Despite that glowing recommendation, Liir still appears to follow the typical path of the son of a Monster Mother: He cannot feel the way that he thinks that he should toward an attractive woman who might care for him in return. His body reacts as it should to bring about reproduction, but he cannot ever consciously follow through on that impulse. Instead, [Spoiler Alert!] he experiments in homosexuality with a man that he met in the military - in accordance with the typical homoerotic relationships that arise in such situations - and seems to be more sure of that identity in himself than anything else.

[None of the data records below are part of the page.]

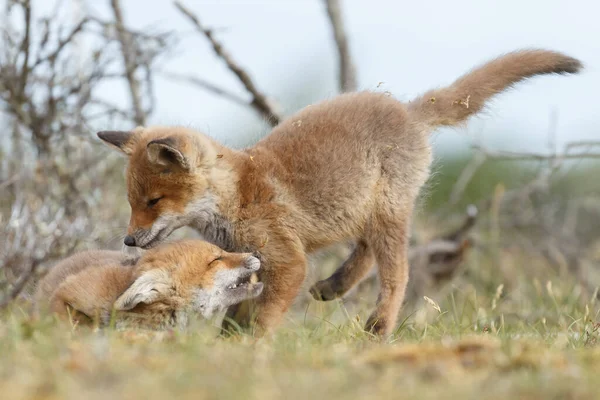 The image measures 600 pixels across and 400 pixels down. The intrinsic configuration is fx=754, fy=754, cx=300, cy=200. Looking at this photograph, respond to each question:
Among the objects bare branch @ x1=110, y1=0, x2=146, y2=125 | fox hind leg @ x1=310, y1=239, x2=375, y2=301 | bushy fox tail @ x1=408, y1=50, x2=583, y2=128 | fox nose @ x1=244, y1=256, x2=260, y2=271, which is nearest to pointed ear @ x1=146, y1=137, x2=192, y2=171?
fox nose @ x1=244, y1=256, x2=260, y2=271

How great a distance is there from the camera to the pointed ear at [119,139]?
5012 millimetres

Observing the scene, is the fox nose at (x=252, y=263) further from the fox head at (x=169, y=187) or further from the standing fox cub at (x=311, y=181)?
the fox head at (x=169, y=187)

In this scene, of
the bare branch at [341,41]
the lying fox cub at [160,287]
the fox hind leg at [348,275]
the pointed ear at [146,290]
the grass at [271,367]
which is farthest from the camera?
the bare branch at [341,41]

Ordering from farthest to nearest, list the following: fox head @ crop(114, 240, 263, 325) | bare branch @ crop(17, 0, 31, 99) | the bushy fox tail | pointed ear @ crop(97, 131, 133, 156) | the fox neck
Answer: bare branch @ crop(17, 0, 31, 99)
the bushy fox tail
pointed ear @ crop(97, 131, 133, 156)
the fox neck
fox head @ crop(114, 240, 263, 325)

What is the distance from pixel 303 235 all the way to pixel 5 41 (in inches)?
131

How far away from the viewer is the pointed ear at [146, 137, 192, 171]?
4457 millimetres

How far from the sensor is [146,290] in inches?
160

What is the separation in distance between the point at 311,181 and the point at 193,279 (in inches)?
39.5

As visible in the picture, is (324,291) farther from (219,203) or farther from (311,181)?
(219,203)

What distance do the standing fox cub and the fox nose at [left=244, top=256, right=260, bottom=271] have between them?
0.16 meters

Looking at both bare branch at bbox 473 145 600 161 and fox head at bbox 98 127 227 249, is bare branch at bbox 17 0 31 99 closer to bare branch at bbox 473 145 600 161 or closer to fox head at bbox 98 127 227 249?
fox head at bbox 98 127 227 249

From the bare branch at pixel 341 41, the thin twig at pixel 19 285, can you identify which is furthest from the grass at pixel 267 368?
the bare branch at pixel 341 41

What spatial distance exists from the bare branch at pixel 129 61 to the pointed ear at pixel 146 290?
9.29 feet

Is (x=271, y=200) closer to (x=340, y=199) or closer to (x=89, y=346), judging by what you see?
(x=340, y=199) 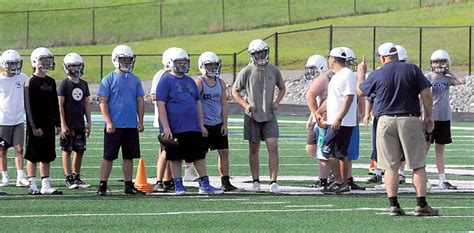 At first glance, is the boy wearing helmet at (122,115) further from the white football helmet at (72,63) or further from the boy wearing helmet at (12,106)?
the boy wearing helmet at (12,106)

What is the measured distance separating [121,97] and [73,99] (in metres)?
1.31

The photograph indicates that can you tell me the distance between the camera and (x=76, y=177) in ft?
55.1

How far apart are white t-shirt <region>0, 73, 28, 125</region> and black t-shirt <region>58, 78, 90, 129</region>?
1.69 ft

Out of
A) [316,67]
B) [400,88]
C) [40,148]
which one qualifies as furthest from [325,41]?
[400,88]

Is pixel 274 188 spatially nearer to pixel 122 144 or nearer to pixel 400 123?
pixel 122 144

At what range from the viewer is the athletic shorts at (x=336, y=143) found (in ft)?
52.4

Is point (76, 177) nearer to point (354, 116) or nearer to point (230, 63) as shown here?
point (354, 116)

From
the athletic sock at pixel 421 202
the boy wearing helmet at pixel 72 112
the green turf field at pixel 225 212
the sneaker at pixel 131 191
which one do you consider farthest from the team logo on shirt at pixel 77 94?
the athletic sock at pixel 421 202

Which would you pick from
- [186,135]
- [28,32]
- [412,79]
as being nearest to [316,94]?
[186,135]

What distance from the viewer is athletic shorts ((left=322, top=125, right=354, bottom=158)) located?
16.0 metres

Now don't get me wrong: I'm not equating having a homosexual son with being a bad mother. I'm getting to the point, in fact, where I think that raising a child who so clearly does not fulfill societal expectations would be the foremost indicator for me of success as a parent in this society. But I am seeing, over and over again, stories in which that first equation is being made. Perhaps Maguire only means it here as a further indicator of the damage that war can cause to those forced to participate in it, in a long line of similar texts including, for instance, Hemingway's The Sun Also Rises - and indeed, the inability to function sexually is a common and documented effect of combat. Ultimately all that is certain, though, is that Liir himself does not feel entirely satisfied with his sexuality at the end of this story, and so neither does the reader - and thus we're left with that negative impression to apply where we will.